• Exercise goal
From the listing below, please restate exactly the lines beginning at the one with "Head & Shoulders" and ending at the one with "LENOVO THINVISION T75", both included, and skip the pictures.

• Records for this task

BEGIN

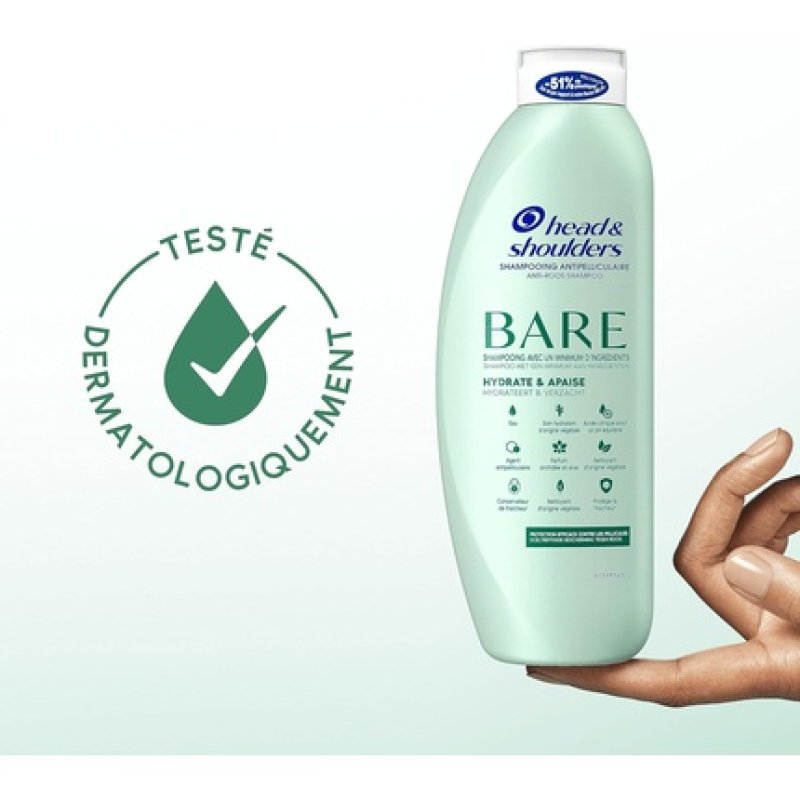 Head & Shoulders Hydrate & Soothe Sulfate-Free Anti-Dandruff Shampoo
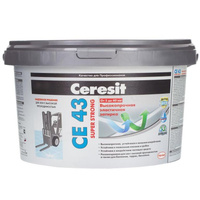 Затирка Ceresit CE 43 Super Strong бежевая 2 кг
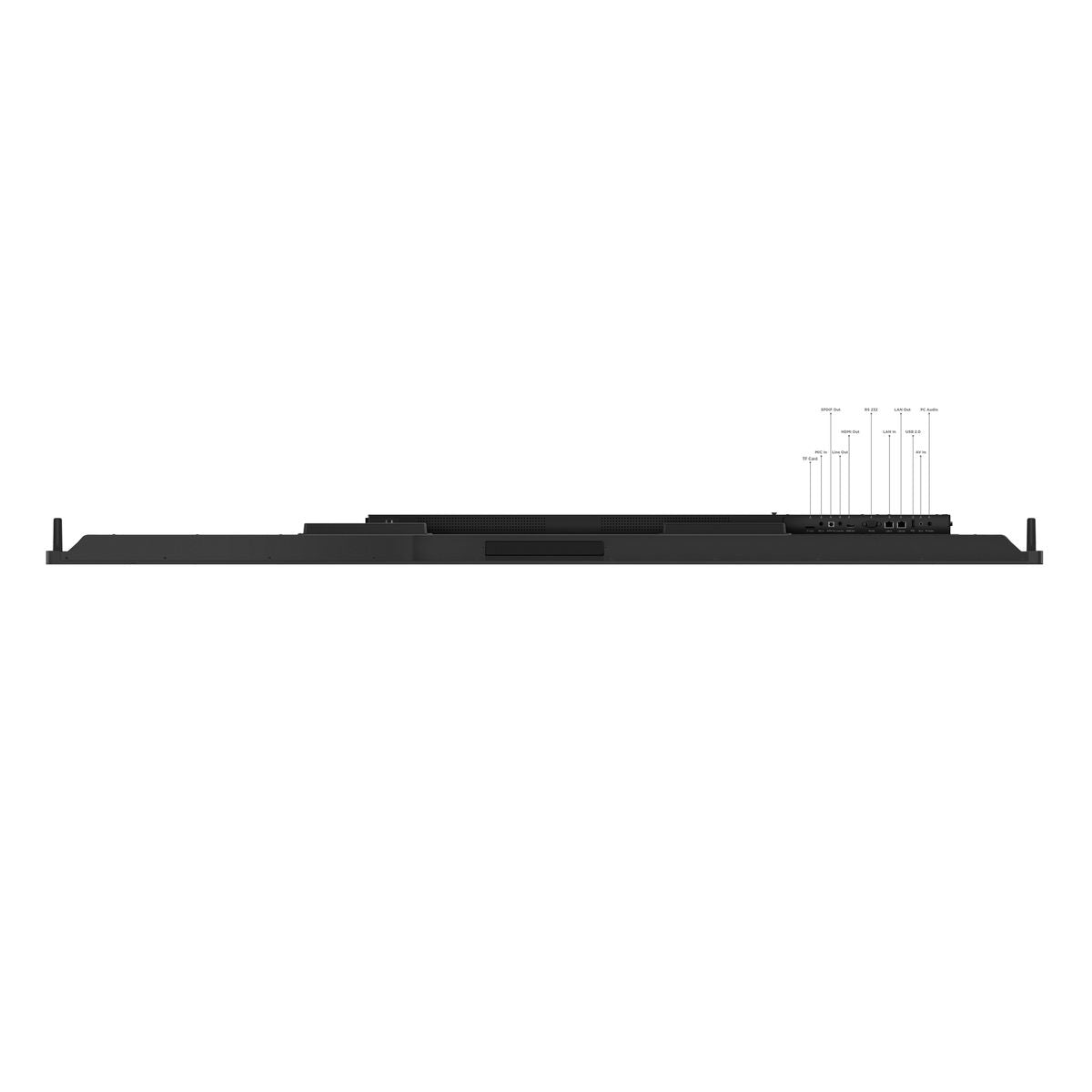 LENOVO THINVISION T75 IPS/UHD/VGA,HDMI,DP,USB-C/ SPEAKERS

END
BEGIN

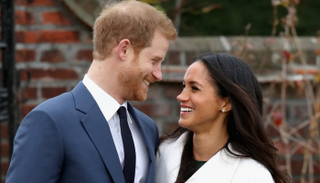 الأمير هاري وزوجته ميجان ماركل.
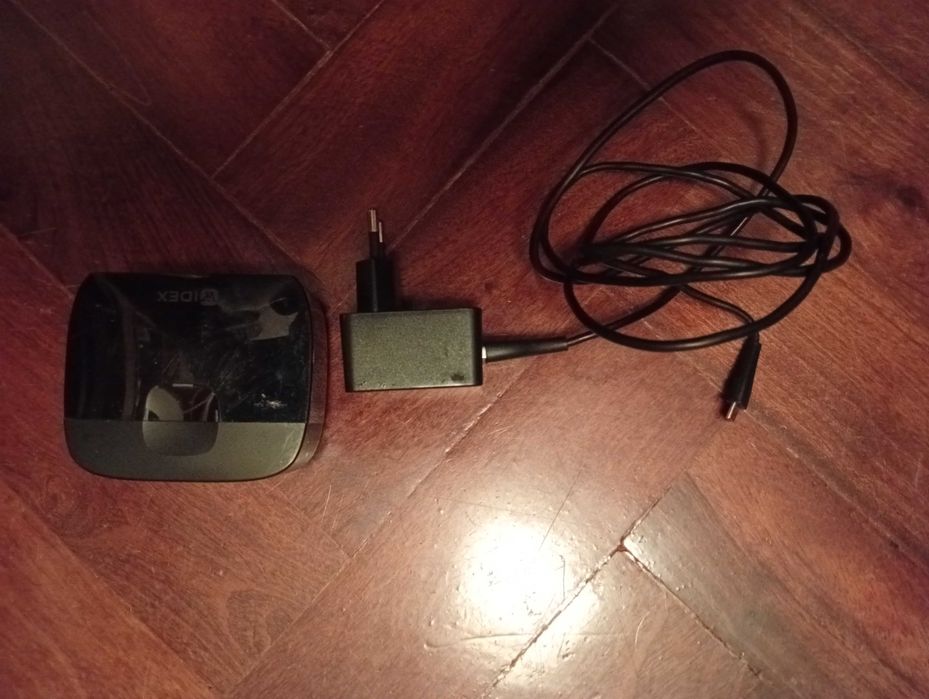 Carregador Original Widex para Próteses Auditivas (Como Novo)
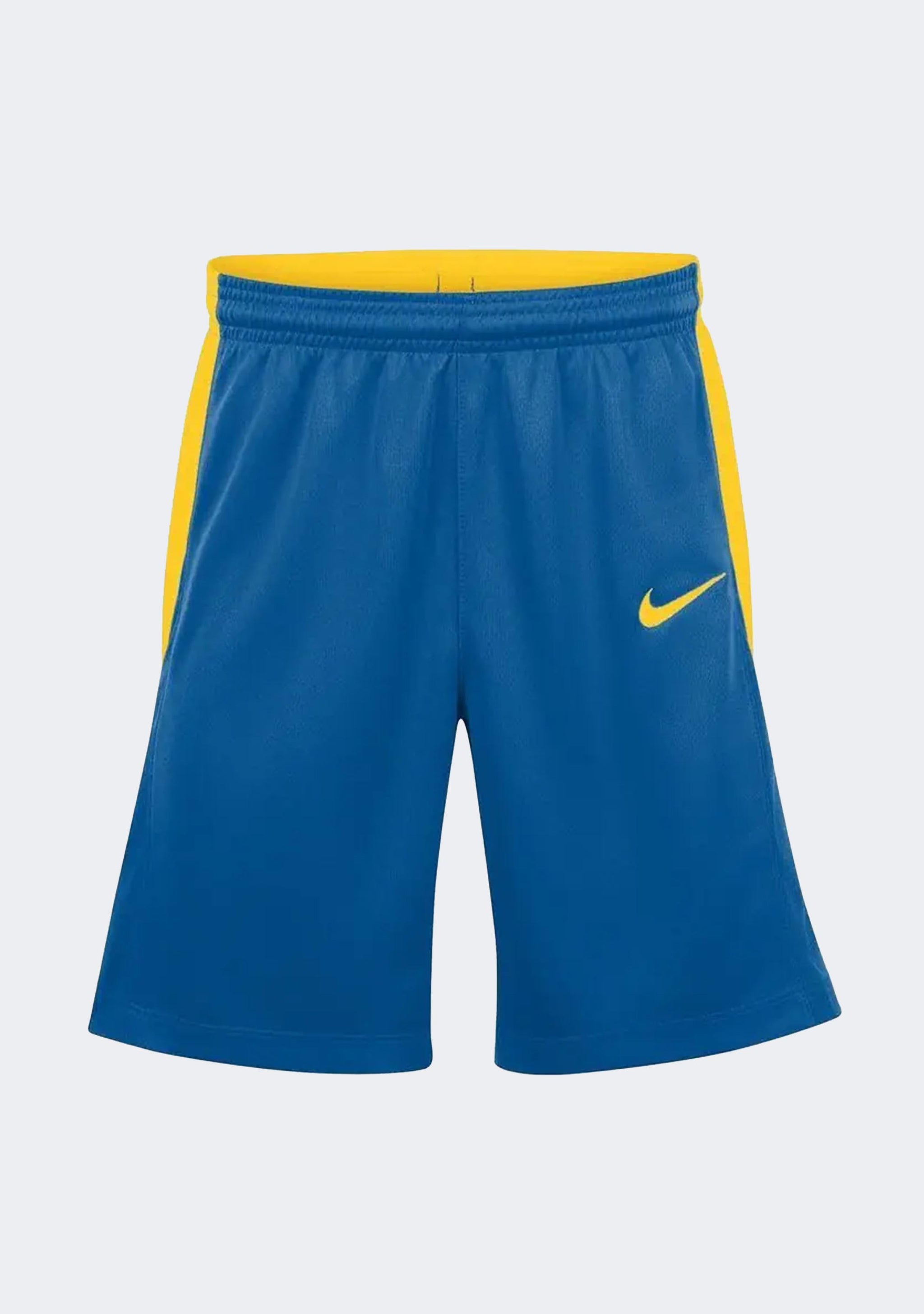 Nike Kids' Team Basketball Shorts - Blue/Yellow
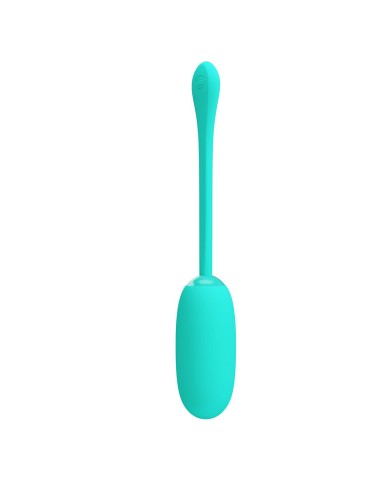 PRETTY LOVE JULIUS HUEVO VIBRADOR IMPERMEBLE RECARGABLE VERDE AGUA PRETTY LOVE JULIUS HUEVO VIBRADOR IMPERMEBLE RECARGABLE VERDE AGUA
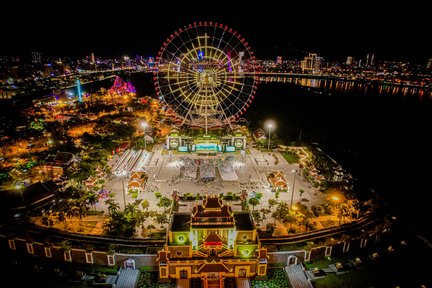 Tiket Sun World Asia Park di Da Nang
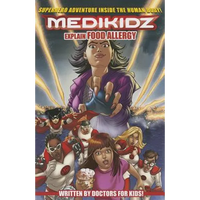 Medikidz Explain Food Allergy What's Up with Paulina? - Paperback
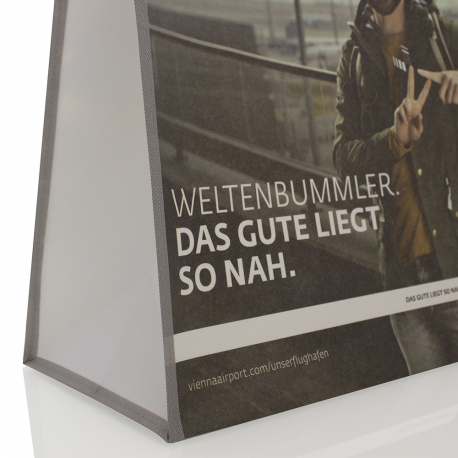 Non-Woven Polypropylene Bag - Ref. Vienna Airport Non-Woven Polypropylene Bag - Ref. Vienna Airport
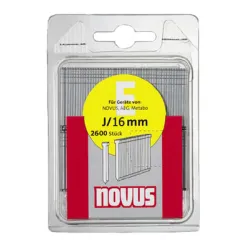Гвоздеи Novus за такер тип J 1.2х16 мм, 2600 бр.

END
BEGIN

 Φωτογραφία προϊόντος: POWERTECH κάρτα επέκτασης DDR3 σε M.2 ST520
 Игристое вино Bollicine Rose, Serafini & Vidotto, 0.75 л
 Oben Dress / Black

END

• Response area
 Head & Shoulders Hydrate & Soothe Sulfate-Free Anti-Dandruff Shampoo
 Затирка Ceresit CE 43 Super Strong бежевая 2 кг
 LENOVO THINVISION T75 IPS/UHD/VGA,HDMI,DP,USB-C/ SPEAKERS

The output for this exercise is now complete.